Re: Requests taking too long if one member of the cluster fails

2020-11-22 Thread John Blum
Hi Mario-


1) Regarding why only write to the primary (bucket) of a PR (?)... again, it 
has to do with consistency.

Fundamentally, a distributed system is constrained by CAP.  The system can 
either be consistent or available in the face of network partitions.  You 
cannot have your cake and eat it too, 😉.

By design, Apache Geode favors consistency over availability.  However, it 
doesn't mean Geode becomes unavailable when a node or nodes, or the network, 
fails. With the ability to configure redundant copies, it is more like "limited 
availability" when a member or portion of the cluster is severed from the rest 
of the system, until the member(s) or network recovers.

But, to guarantee consistency, a single node (i.e. the "primary") hosting the 
PR must be "the source of truth".  If writes are allowed to go to secondaries, 
then you need a sophisticated consensus algorithm (e.g. Paxos, Raft) to resolve 
conflicts when 2 or more writes in different copies change the same logical 
object but differ in value.  Therefore, writes go to the primary and are then 
distributed to the secondaries (which require an ACK) while holding a lock.

If you think about this in object-oriented terms, the safest object in a highly 
concurrent system is an immutable one.  However, if an object can be modified 
by multiple Threads, then it is safer if all Threads access the object though 
the same control plane to uphold the invariants of the object.

NOTE: For an object, serializing access through synchronization does increase 
contention.  However, keep in mind that a PR does not just have 1 primary.  
Each bucket of the PR (defaults to 113; is tunable) has a primary thereby 
reducing contenting on writes.

Finally, Geode's consistency guarantees are much more sophisticated than what I 
described above. You can read more about Geode's consistency 
here
 [1] (an entire chapter has been dedicated to this very important topic).

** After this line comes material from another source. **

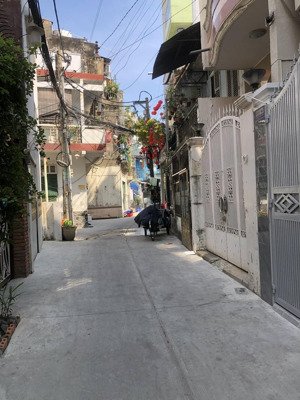 bán nhà - 42m- phạm văn hai-sát trường sa-ngang lớn gần 5m- hẻm thông -tân bình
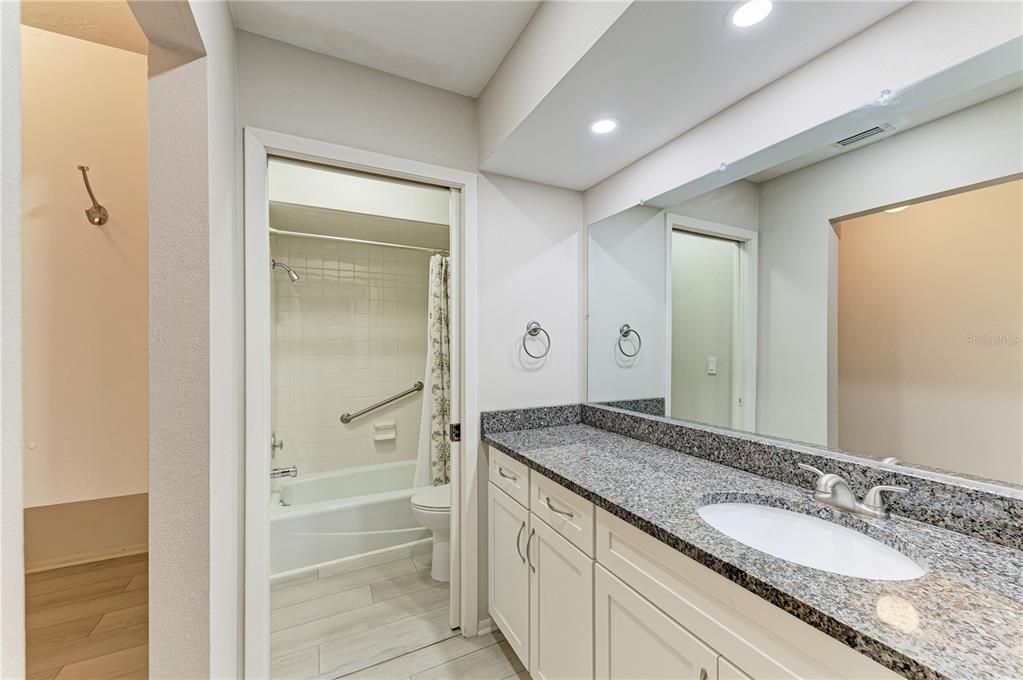 En Venta: $239,000 (2 camas, 2 baños, 1545 Pies cuadrados)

2) Regarding member-timeout...

Can this setting be too low?  Yes, of course; you must be careful.

Setting too low of a member-timeout could result in the system thrashing 
between the member being kicked out and the member rejoining the system.

This is costly because, after a member is kicked out, the system must "restore 
redundancy".  When the member rejoins, a "fence & merge" process occurs, then 
the system may need to "rebalance" the data.

Why would a node bounce between being a member, and part of the system, and 
getting kicked out?

Well, it depends on your infrastructure, for one.  If you have an unreliable 
network (more applicable in the cloud environments in certain cases), then 
minor but frequent network blips that severe 1 or more members could cause the 
member(s) to bounce between being kicked out and rejoining.  If enough members 
are severed from the system, then the system might need to decide on a quorum.

If a member is sick (e.g. running low on memory) thereby making the member 
seemingly unresponsive when in fact the member is just overloaded, this can 
cause issues.

There are many factors to consider when configuring Geode.  Don't simply set a 
property thinking it just solved my immediate problem when in fact it might 
have shifted the problem somewhere else.

The setting for member-timeout may very well be what you need, or you may need 
to consider other factors (e.g. the size of your system, both number of nodes 
as well as the size of the data, level of redundancy, you mention collocated 
data (this also is a factor), the environment, etc, etc).

This is the trickiest part of using any system like Geode.  You typically must 
tune it properly to your UC and requirements over several iterations to meet 
your SLAs.

This 
chapter
 [2] in the User Guide will be your friend.

I will let others chime in with their expertise/experience now.  Hopefully, 
this has given you some thoughts and things to consider.  Just remember, always 
test and measure, 🙂

Cheers,
John


[1] 
https://geode.apache.org/docs/guide/113/developing/distributed_regions/region_entry_versions.html
[2] 
https://geode.apache.org/docs/guide/113/managing/monitor_tune/chapter_overview.html










From: Mario Salazar de Torres 
Sent: Saturday, November 21, 2020 1:40 PM
To: dev@geode.apache.org 
Cc: miguel.g.gar...@ericsson.com 
Subject: Re: Requests taking too long if one member of the cluster fails

Thanks @John Blum for your detailed explanation! It 
helped me to better understand how redundancy works.

Thing is that all our use cases requires a really low response time when 
performing operations.
Under normal conditions a "put" takes a few milliseconds, but in the case of a 
cluster member going down, in the described scenario it might take up to 30 
seconds,